━━━━━ Information

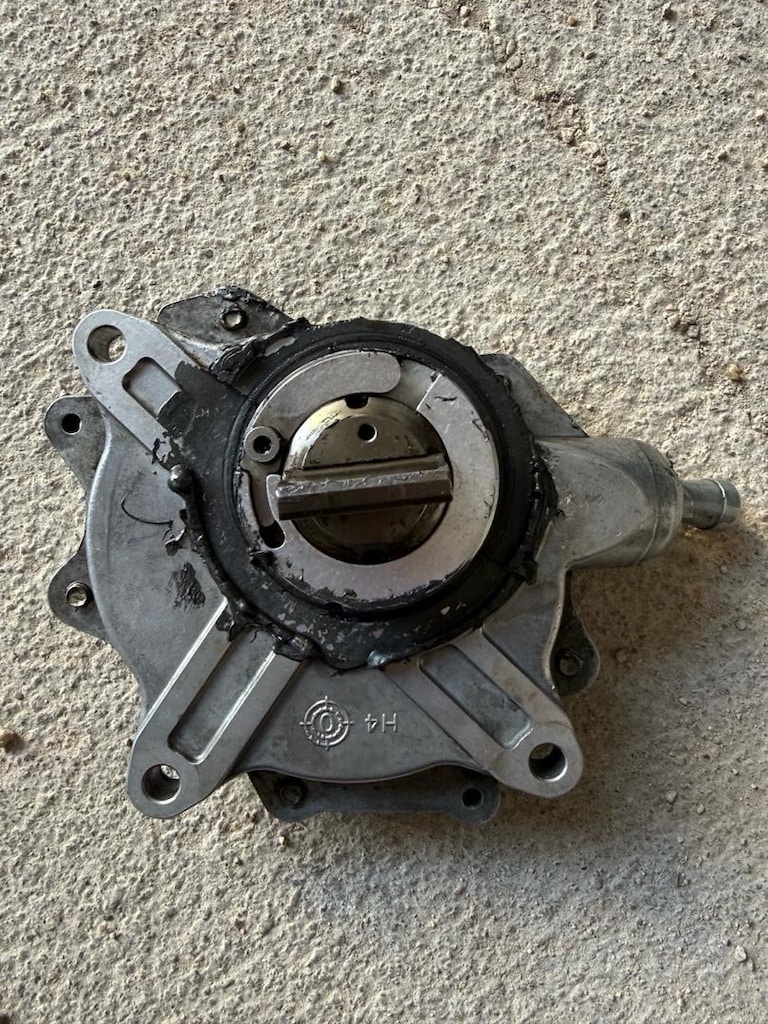 BMW N42 MOTOR ORJİNAL ÇIKMA VAKUM POMPASI - 3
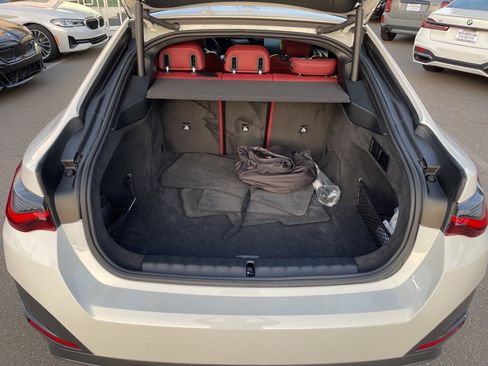 Used 2023 BMW i4 eDrive40 w/ M Sport Package image 28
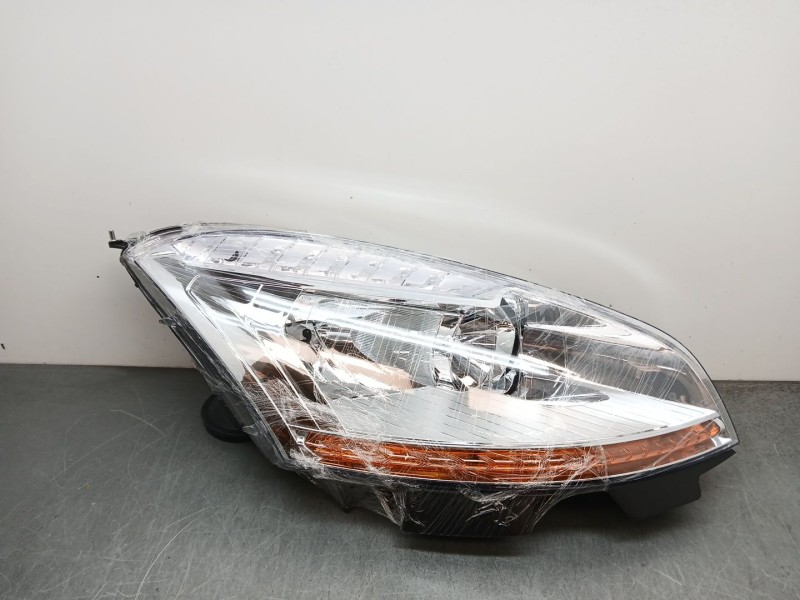 Recambio de faro derecho para citroën c4 picasso referencia OEM IAM 6206A8  11228006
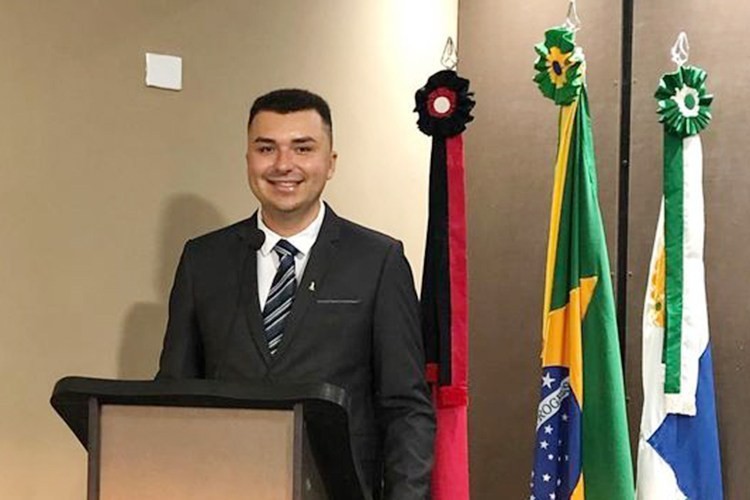Prefeito de Condado renuncia ao cargo 39 dias após assumir cargo
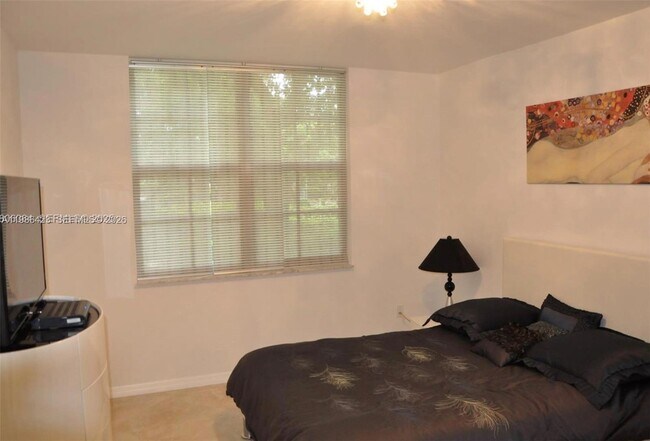 19801 E Country Club Dr Unit 4104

━━━━━━━━━━

■ Exercise objective
Exactly the lines from the line with "Recambio de faro" through the last line of the listing, both included, should be extracted, and the pictures left behind.

■ Solution for this task
 Recambio de faro derecho para citroën c4 picasso referencia OEM IAM 6206A8  11228006
Prefeito de Condado renuncia ao cargo 39 dias após assumir cargo
 19801 E Country Club Dr Unit 4104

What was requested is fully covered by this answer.